• [PROBLEM REQUIREMENTS]:
The lines below starting at the line containing "What Kind of" and ending at the line containing "UGG Goldenstar Clogs" are to be repeated exactly, with both ends kept and nothing else added.

• [Records from a dataset]:
**********
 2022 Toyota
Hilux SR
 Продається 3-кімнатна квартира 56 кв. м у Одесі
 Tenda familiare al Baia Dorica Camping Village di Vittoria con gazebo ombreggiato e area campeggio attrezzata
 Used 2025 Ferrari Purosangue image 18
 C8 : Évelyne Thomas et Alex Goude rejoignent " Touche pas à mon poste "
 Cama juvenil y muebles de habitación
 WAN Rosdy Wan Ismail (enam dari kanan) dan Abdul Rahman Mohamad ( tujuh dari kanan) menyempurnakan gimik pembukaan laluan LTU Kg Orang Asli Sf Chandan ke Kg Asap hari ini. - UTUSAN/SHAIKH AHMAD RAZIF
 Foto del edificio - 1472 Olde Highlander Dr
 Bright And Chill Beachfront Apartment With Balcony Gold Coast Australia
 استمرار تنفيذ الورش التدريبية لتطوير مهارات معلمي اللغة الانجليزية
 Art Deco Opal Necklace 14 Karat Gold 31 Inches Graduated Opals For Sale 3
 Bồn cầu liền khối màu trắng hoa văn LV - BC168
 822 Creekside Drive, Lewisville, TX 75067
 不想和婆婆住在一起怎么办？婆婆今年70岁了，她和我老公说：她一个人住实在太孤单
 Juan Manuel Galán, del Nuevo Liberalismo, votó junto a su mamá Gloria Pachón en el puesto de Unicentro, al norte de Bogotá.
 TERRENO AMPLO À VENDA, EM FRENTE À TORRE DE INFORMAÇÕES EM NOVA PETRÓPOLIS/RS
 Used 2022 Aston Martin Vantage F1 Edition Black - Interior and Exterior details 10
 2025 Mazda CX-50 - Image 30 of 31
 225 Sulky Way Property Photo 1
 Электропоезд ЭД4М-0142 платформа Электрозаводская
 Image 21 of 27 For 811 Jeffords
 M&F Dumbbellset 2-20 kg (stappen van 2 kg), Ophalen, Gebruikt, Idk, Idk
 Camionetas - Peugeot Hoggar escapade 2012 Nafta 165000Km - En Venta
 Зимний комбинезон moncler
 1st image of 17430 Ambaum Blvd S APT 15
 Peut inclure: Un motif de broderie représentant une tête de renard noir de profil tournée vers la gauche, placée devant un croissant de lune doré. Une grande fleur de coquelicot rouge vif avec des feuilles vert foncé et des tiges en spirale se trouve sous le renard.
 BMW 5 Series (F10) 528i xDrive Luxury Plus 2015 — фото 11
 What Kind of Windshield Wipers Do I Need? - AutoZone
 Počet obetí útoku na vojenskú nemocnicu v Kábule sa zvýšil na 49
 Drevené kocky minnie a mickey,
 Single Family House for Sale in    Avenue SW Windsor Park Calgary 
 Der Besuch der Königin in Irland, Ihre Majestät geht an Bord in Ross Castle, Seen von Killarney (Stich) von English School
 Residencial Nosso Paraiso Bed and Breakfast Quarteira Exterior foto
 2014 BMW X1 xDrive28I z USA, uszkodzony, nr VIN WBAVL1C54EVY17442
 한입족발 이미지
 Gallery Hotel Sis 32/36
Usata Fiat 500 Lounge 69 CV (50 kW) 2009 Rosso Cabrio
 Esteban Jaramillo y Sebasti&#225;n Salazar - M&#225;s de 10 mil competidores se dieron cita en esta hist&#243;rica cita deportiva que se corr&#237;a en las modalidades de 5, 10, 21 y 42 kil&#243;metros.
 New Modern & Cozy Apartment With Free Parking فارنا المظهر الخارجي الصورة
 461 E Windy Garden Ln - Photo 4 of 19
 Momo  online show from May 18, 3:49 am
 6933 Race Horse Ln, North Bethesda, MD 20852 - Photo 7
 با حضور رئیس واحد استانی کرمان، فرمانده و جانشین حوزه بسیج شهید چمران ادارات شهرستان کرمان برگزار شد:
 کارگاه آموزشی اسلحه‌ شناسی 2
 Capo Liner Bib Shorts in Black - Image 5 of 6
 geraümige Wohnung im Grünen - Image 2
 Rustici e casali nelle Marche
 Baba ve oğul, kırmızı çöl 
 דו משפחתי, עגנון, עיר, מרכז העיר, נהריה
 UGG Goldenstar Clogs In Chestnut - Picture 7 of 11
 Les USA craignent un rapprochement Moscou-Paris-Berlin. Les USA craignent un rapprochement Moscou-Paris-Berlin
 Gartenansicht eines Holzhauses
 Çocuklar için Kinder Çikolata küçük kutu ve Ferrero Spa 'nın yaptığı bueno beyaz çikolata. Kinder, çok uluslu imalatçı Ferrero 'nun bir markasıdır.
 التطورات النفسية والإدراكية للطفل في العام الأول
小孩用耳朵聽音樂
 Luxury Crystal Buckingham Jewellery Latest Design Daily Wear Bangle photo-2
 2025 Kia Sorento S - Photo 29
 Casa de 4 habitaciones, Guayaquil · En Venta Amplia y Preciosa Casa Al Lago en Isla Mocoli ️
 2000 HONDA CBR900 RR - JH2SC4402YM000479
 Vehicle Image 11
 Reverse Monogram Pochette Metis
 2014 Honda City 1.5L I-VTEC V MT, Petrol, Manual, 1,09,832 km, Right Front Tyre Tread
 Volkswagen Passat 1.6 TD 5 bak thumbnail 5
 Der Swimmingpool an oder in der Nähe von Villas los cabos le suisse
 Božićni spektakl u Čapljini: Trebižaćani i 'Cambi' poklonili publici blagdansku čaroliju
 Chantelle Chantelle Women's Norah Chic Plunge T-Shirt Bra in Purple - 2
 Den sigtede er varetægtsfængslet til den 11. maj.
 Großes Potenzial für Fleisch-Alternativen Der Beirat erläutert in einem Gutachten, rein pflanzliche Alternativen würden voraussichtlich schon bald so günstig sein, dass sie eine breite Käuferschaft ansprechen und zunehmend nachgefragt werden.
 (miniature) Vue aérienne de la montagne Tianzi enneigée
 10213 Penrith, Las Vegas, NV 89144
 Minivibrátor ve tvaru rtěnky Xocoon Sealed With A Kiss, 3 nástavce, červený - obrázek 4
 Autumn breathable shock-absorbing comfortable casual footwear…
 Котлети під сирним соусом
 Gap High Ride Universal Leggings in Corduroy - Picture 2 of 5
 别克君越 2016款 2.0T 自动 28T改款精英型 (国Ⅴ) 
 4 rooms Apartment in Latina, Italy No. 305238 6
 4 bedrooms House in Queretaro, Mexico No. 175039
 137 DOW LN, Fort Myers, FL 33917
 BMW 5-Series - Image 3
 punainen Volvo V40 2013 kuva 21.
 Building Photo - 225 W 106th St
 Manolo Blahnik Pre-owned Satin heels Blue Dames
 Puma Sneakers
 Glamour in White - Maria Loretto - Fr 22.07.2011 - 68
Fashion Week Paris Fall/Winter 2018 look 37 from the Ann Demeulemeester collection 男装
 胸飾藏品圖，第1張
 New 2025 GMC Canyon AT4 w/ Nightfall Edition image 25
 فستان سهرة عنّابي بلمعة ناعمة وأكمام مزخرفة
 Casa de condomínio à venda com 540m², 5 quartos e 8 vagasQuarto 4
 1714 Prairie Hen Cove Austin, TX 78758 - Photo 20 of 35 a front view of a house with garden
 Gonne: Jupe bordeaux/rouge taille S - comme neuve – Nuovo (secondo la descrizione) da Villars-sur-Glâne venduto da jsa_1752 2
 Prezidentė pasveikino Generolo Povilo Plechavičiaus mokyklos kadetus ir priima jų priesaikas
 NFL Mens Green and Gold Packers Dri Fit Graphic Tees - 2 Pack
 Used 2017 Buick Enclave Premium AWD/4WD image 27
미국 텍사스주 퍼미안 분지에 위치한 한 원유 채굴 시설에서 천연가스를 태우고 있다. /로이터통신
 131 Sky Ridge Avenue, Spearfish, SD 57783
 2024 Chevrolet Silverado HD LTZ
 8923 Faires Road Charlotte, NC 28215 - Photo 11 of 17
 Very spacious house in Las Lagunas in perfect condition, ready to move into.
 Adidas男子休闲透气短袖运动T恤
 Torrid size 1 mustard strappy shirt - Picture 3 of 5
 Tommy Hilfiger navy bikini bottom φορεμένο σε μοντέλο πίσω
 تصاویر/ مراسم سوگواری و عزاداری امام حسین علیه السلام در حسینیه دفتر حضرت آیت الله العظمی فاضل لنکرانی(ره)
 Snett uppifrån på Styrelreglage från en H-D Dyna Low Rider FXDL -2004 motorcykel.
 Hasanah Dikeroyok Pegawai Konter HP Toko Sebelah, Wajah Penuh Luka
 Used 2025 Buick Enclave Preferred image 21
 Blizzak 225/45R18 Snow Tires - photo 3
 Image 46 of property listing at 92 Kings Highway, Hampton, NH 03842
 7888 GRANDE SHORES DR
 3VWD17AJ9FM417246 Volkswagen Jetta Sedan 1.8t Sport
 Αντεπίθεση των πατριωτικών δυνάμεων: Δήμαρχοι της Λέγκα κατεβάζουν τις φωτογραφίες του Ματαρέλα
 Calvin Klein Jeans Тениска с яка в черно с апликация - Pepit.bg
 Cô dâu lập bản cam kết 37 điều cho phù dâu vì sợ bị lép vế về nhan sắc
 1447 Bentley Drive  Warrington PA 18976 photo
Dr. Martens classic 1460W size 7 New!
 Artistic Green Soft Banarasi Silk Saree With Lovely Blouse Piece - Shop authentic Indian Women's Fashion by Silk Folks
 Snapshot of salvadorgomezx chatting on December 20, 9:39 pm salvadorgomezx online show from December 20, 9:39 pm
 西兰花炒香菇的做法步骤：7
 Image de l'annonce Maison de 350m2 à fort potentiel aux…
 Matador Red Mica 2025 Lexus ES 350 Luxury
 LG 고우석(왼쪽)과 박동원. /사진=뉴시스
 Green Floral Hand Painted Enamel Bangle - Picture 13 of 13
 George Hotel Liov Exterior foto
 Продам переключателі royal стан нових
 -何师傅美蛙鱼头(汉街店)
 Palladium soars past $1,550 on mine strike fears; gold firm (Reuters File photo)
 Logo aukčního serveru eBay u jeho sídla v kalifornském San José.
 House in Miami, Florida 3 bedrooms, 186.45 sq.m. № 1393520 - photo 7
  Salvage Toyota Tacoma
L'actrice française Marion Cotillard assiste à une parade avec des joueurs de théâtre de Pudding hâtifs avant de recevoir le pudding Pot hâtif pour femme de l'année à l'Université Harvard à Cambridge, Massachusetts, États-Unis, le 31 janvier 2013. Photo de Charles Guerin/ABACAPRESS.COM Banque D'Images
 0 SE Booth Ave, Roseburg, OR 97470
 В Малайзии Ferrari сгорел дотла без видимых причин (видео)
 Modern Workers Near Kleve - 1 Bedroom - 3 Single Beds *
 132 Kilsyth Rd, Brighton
**********
• [OUTPUT OF THE EXERCISE]:
 What Kind of Windshield Wipers Do I Need? - AutoZone
 Počet obetí útoku na vojenskú nemocnicu v Kábule sa zvýšil na 49
 Drevené kocky minnie a mickey,
 Single Family House for Sale in    Avenue SW Windsor Park Calgary 
 Der Besuch der Königin in Irland, Ihre Majestät geht an Bord in Ross Castle, Seen von Killarney (Stich) von English School
 Residencial Nosso Paraiso Bed and Breakfast Quarteira Exterior foto
 2014 BMW X1 xDrive28I z USA, uszkodzony, nr VIN WBAVL1C54EVY17442
 한입족발 이미지
 Gallery Hotel Sis 32/36
Usata Fiat 500 Lounge 69 CV (50 kW) 2009 Rosso Cabrio
 Esteban Jaramillo y Sebasti&#225;n Salazar - M&#225;s de 10 mil competidores se dieron cita en esta hist&#243;rica cita deportiva que se corr&#237;a en las modalidades de 5, 10, 21 y 42 kil&#243;metros.
 New Modern & Cozy Apartment With Free Parking فارنا المظهر الخارجي الصورة
 461 E Windy Garden Ln - Photo 4 of 19
 Momo  online show from May 18, 3:49 am
 6933 Race Horse Ln, North Bethesda, MD 20852 - Photo 7
 با حضور رئیس واحد استانی کرمان، فرمانده و جانشین حوزه بسیج شهید چمران ادارات شهرستان کرمان برگزار شد:
 کارگاه آموزشی اسلحه‌ شناسی 2
 Capo Liner Bib Shorts in Black - Image 5 of 6
 geraümige Wohnung im Grünen - Image 2
 Rustici e casali nelle Marche
 Baba ve oğul, kırmızı çöl 
 דו משפחתי, עגנון, עיר, מרכז העיר, נהריה
 UGG Goldenstar Clogs In Chestnut - Picture 7 of 11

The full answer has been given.